**Supplied material:**
···

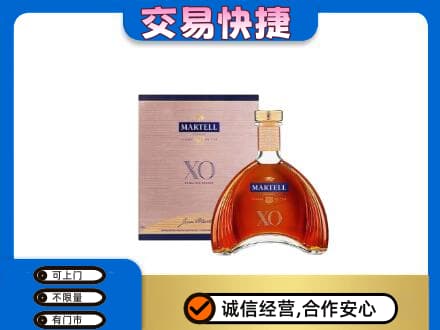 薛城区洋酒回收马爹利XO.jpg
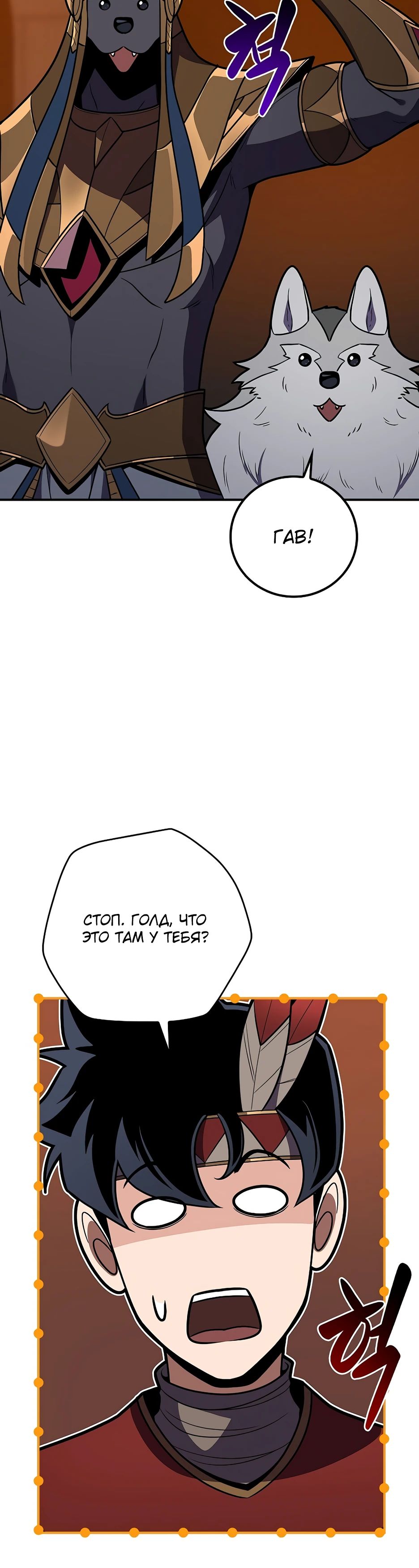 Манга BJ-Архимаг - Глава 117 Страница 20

···

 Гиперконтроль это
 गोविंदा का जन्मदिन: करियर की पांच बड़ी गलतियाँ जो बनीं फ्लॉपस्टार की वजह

···

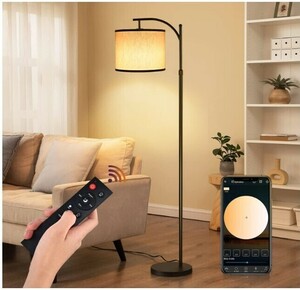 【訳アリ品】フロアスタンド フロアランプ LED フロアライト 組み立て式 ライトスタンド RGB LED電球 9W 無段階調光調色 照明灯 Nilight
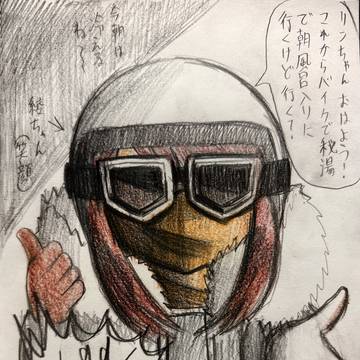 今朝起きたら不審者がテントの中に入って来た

···

**What is expected:** Leaving out each picture, repeat exactly the lines above from the one that contains "薛城区洋酒回收马爹利XO.jpg" through the one that contains "Манга BJ-Архимаг - Глава 117 Страница 20".

**Completed exercise:**
 薛城区洋酒回收马爹利XO.jpg
 Манга BJ-Архимаг - Глава 117 Страница 20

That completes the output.